Ao permitir que o filho saísse
de casa sozinho, mesmo para
um curto trajeto nessa idade,
ela o incentivava a se apropriar
do espaço público e a construir
autonomia para ir e vir dos lugares. Ao passar as orientações,
ela realizou a tutela necessária,
já que criança e adolescente
ainda não costumam planejar
suas ações nem tomar determinados cuidados, a não ser quando alertados. A mãe ajudou o filho, portanto, a aprender a se
cuidar e a administrar a autonomia que ela o estava ajudando a construir para ver como
ele responderia. Essa é a atitude mais educativa: passar responsabilidades e aguardar para
ver como a criança reage.
"Não atravesse a rua fora da
faixa de pedestre, não corra,
não se desvie do caminho e não
volte para casa depois do horário", foram as instruções da
mãe antes que ele desligasse o
telefone e saísse de casa -provavelmente correndo.
Ao determinar o modo como
o filho deveria agir, a mãe foi
cuidadosa porque forneceu ao
garoto pontos de referência.
Com as ordens, ela mostrou
que ele deveria prestar atenção
para realizar o trajeto com segurança; ao dar um limite para
seu retorno, ela o responsabilizou por gerir seu tempo. Isso é
educar para a construção de autonomia: ensinar o filho a se autogovernar, tutelando o necessário enquanto ele precisa.
O problema foi a forma como
ela passou as orientações: partiu sempre do negativo. Esse é
um cacoete comum em educação: pais e professores têm o
mau costume de quase sempre
considerar primeiro os erros
que os mais novos podem cometer. Por que temos sempre
de começar pelos problemas,
pelos limites, pelos equívocos e
pela ameaça de punição quando educamos? Podemos começar pela crença de que a criança
procure acertar e descubra o
espaço que tem para experimentar e encontrar soluções. A
atitude otimista, aliás, é a única
possível para quem educa.
Essa mãe poderia ter dito a
mesma coisa pelo positivo:
"Atravesse a rua na faixa, vá andando sempre rumo à casa do
Paulinho e volte no horário
combinado". Qual a diferença
entre as duas formas?
A forma usada pela mãe sinaliza o que ela imaginou que o filho pudesse fazer, não é? Quando se diz a uma criança "não faça" é porque se credita a ela a
vontade de fazer. Se não considero tal hipótese, qual o motivo
para apontar o negativo?
Acontece que nem sempre a
criança apresenta a vontade
que se imagina, mas, a partir do
momento em que alguém
aponta que ela possa ter, há
grandes chances de ela realmente ter. Por isso é que o proibido é tão tentador.

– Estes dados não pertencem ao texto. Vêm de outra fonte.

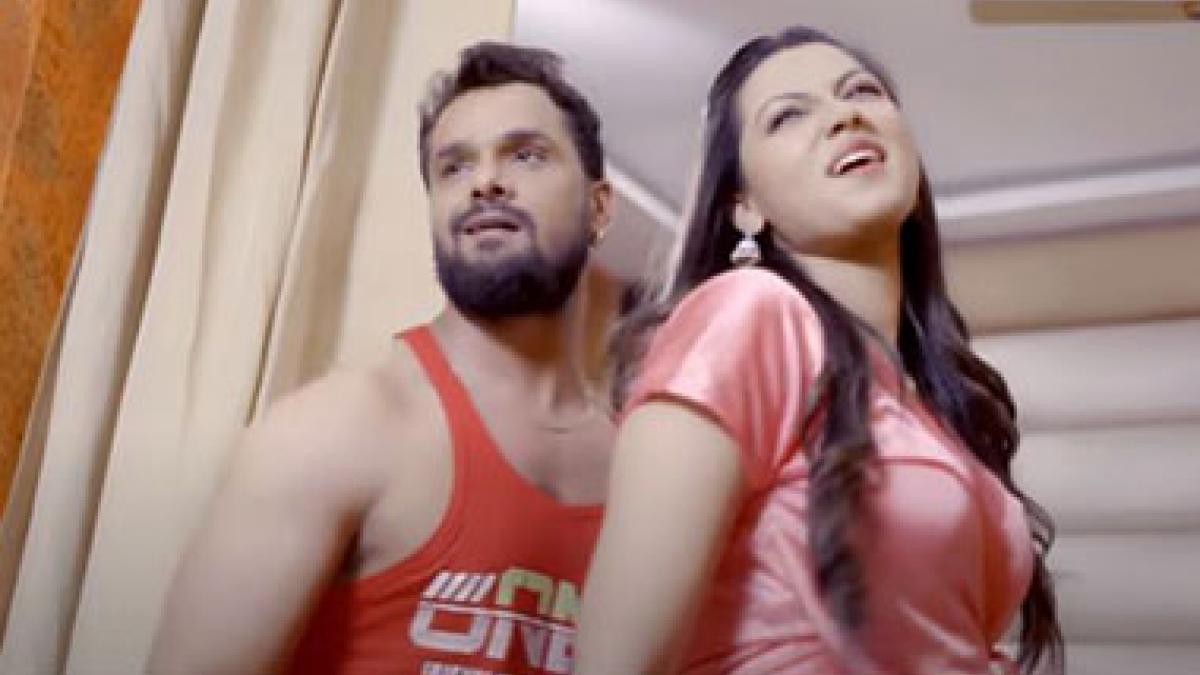 खेसारी लाल यादव-रक्षा गुप्ता 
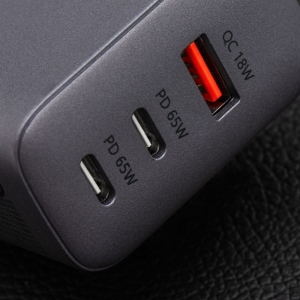 Nabíječka telefonu Forcell F-Energy GaN 2 x USB C + USB A QC4.0 PD 65W, šedá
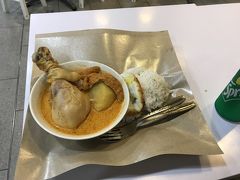 クラークキー駅まで戻り、
セントラルの地下でランチを取りました。

タイカレーだと思います。
つるっとしたチキンになぜか油揚げ。
ボリューミーでチキンは柔らかく、
厚揚げもなかなかカレーにあっています。
私好みで大満足。しかもコスパ良し。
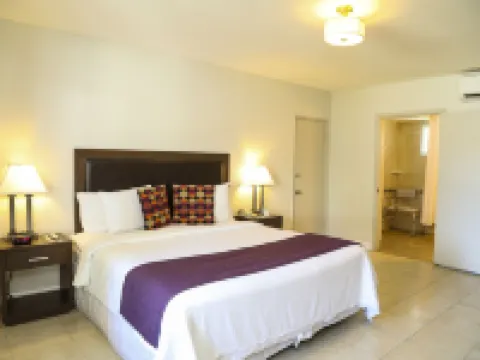 โรงแรมคอลลินส์ โรงแรมในไมอามีบีช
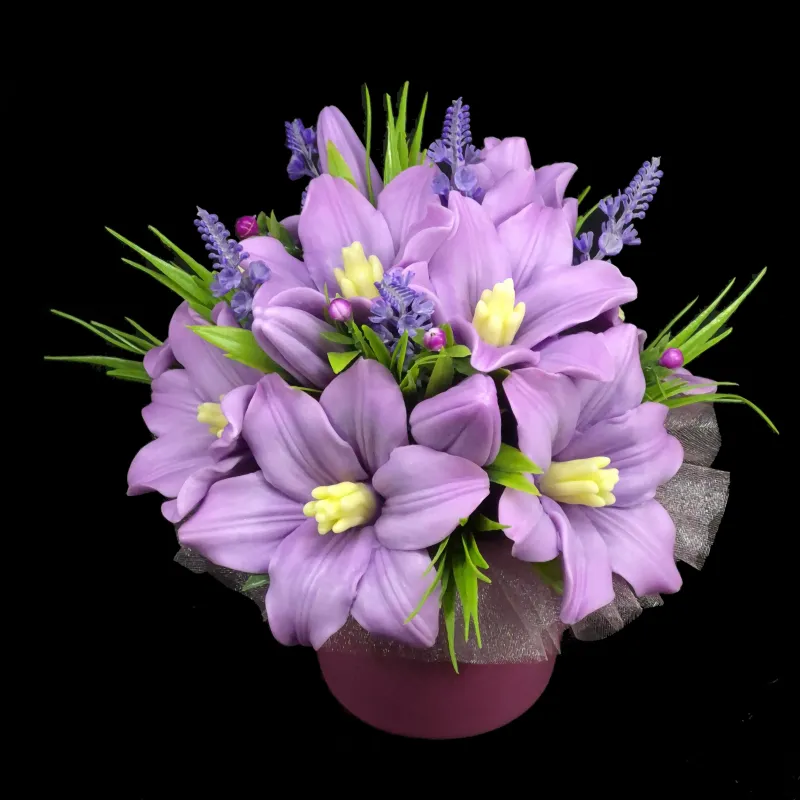 Lilo ljiljani od sapuna u keramičkoj saksiji 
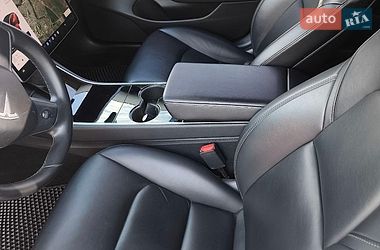 Седан Tesla Model 3 2018 в Старокостянтинові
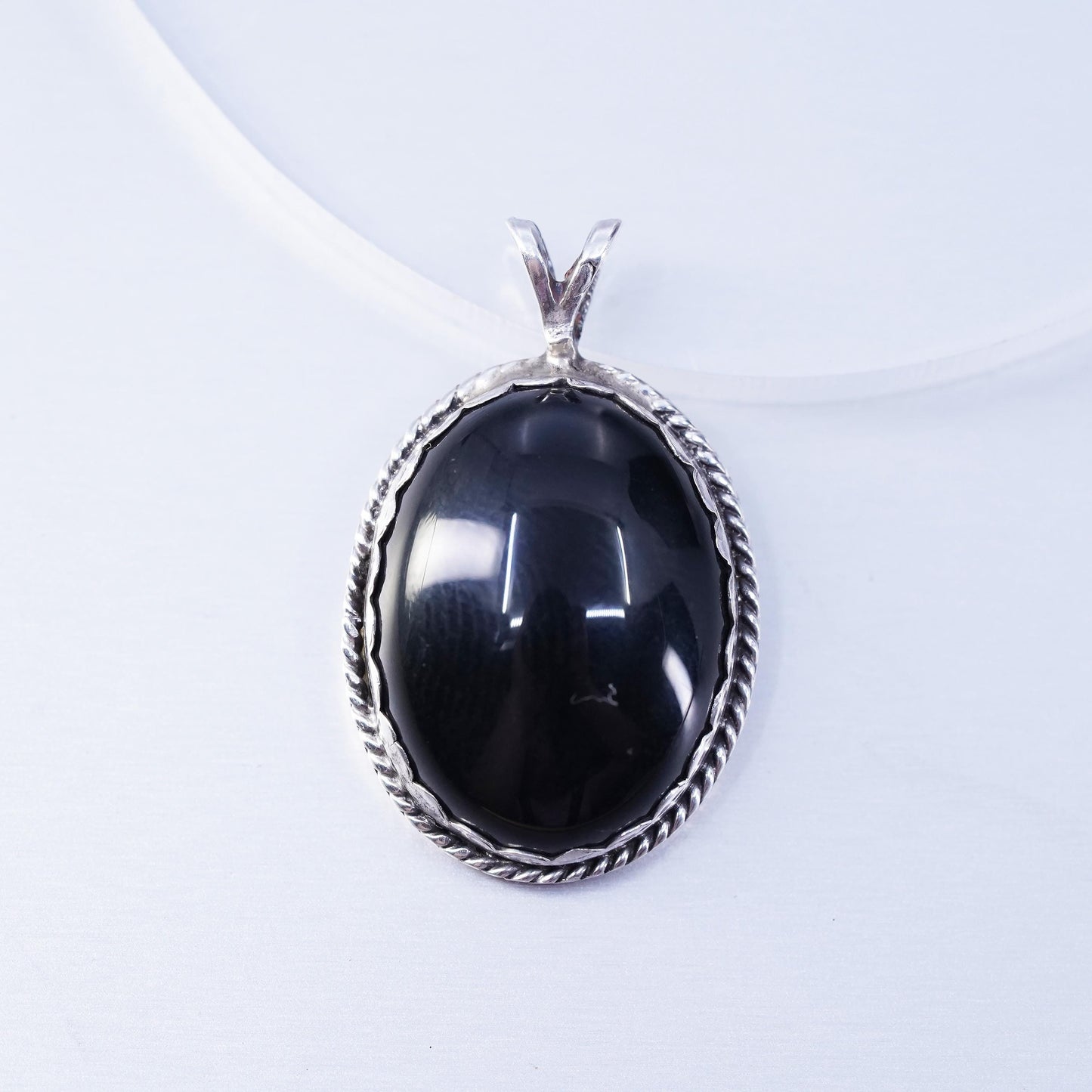 Vintage Native American southwestern WF sterling 925 silver oval pendant onyx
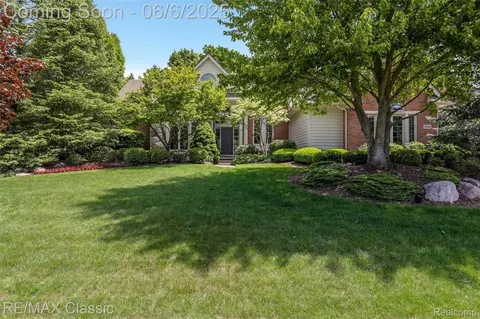 17496 Hilltop View Dr, Northville, MI 48168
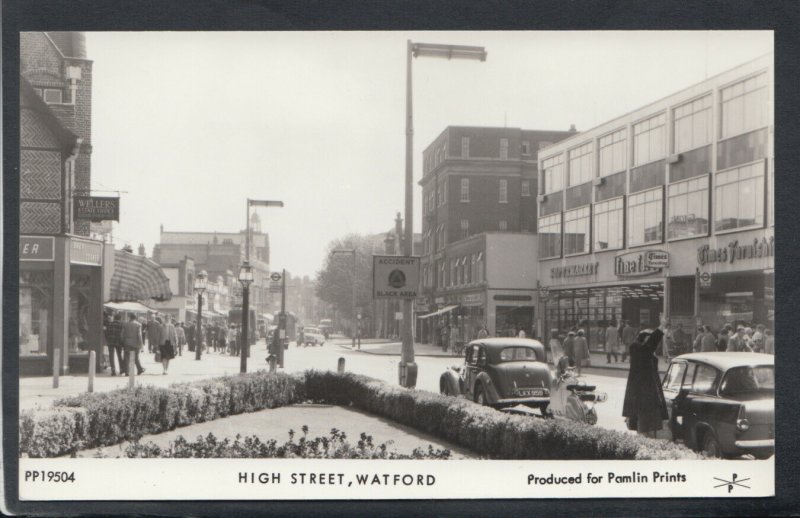 Hertfordshire Postcard - High Street, Watford - Pamlin Prints DR859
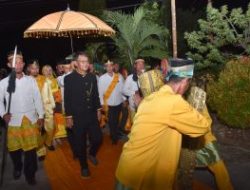Pemberian Gelar tau doka Raja Buol Ke Gubernur Sulawesi Tengah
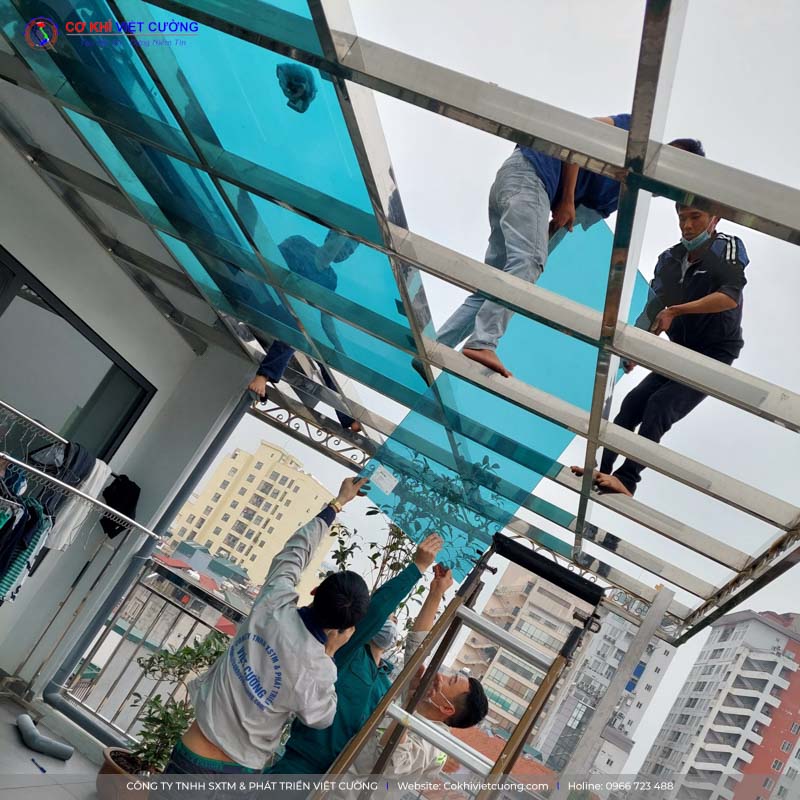 Cơ khí Việt Cường là đơn vị hàng đầu trong lĩnh vực thi công mái kính sắt nghệ thuật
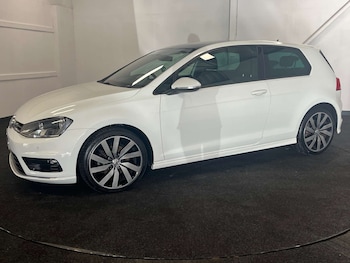 Used Volkswagen Golf 2017 for sale - 76288734: Photo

Uma leitora contou que a filha, de quase dois anos, estava
descobrindo a casa até que chegou à estante do pai, para quem
os livros são muito importantes. Como as prateleiras chegavam até o chão, logo a menina
quis pegar os livros. A mãe ajudou, explicou como manusear e
finalizou dizendo: Só não pode
rasgar. Pronto: logo depois, lá
estava ela rasgando livros. Talvez a mãe não precisasse dar a
deixa: poderia apenas ter ensinado os cuidados e, caso a filha
rasgasse algum por acaso, aí
sim poderia dizer que isso era
algo a ser evitado.
Que tal passarmos a assinalar
mais as possibilidades do que
os limites quando educamos?
Tal atitude demonstraria mais
esperança em relação aos mais
novos e talvez isso seja algo
precioso para que eles percebam sua potência.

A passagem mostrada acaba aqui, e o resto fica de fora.